Try it sometime. Try going somewhere that you can’t get out of, and being told day in and day out that it would be better if you just… doesn’t even matter what “it would be better if you did”, you’re going to start believing it, and you’re going to have a hard time resisting it. This happens. All the time. Both in hospital and other healthcare settings (because lots of healthcare professionals sincerely believe that lots of people would be better off dead), and also in the homes of people who are plain sadistic.
Honestly I think you’re probably responding to a whole bunch of things that a whole bunch of other people have said before me, rather than responding to what I said.
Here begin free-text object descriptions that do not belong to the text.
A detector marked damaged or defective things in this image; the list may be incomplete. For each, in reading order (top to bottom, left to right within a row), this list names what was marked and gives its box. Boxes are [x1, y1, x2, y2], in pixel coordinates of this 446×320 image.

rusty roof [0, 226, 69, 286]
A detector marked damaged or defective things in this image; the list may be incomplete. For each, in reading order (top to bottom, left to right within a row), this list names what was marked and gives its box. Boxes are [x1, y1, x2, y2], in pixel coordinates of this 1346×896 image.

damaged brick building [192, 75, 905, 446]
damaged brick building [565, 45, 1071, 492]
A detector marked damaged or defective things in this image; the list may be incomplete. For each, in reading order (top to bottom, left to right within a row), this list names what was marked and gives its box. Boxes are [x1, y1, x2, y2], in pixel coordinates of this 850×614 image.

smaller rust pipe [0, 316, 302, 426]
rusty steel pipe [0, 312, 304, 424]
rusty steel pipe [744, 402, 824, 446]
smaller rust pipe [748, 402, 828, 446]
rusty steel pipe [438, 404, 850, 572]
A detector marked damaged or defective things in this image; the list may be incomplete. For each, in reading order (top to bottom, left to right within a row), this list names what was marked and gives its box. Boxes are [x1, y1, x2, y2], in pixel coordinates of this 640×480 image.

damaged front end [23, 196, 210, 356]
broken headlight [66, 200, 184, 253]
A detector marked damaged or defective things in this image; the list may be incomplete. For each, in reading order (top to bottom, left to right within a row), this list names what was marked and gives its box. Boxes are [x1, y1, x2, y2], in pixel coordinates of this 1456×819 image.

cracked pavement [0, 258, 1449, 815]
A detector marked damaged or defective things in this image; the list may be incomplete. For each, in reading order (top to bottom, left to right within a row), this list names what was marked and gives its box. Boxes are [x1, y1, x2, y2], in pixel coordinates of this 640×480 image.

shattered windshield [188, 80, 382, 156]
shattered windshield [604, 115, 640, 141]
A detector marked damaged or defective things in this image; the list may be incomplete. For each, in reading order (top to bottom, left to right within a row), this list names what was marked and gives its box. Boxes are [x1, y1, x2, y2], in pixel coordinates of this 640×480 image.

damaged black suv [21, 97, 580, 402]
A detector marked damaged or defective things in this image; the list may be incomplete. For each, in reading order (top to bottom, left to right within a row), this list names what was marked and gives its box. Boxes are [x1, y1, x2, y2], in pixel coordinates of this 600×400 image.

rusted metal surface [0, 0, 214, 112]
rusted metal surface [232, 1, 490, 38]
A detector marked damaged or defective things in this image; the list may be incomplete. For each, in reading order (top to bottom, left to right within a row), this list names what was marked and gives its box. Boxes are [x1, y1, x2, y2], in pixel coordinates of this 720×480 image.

In which case, I don’t have time for this. I meant what I said, I didn’t mean what I didn’t say. It’s that simple. (And yeah, I know it’s not simple at all, but for me, that’s all I can say.)
I’d actually support euthanasia if it really worked the way people said it worked, and if there was no danger to disabled people. However, it doesn’t work that way at all, and it does endanger more of us than it helps. That’s why I don’t support it. Because in this world, right now, it hurts people, all the time, and so do the attitudes surrounding it. It sucks that there are people who have to die badly at the natural end of their lives because of that. But it sucks even worse than there are people dying who wouldn’t want to die, years or decades before the natural ends of their lives, because of these attitudes, and that would increase if it were legal. That’s a horrible choice to have to make, but it’s the choice we have right now. There are no safeguards that work yet.
And if you think that disabled people are somehow magically immune to pressure from doctors, pressure from family members, pressure to not be a burden, pressure to believe we’re expendable, pressure to believe we’re not really people, pressure to believe that it’s better if we’re dead (in a zillion different ways), pressure to believe that our lives wouldn’t be worth living if we continued them as they are (or as they will be soon)… then you actually pretty much believe that disabled people are superhuman, because there are very few, if any, people, who are immune to that pressure. That’s the problem. Succumbing to that pressure isn't weak, it's human. And it’s not an insult to point that out.
Signed, person who is alive right now because these laws don’t exist and who almost wasn’t alive even without those laws and it was that much of a close call so don’t talk to me about weakness.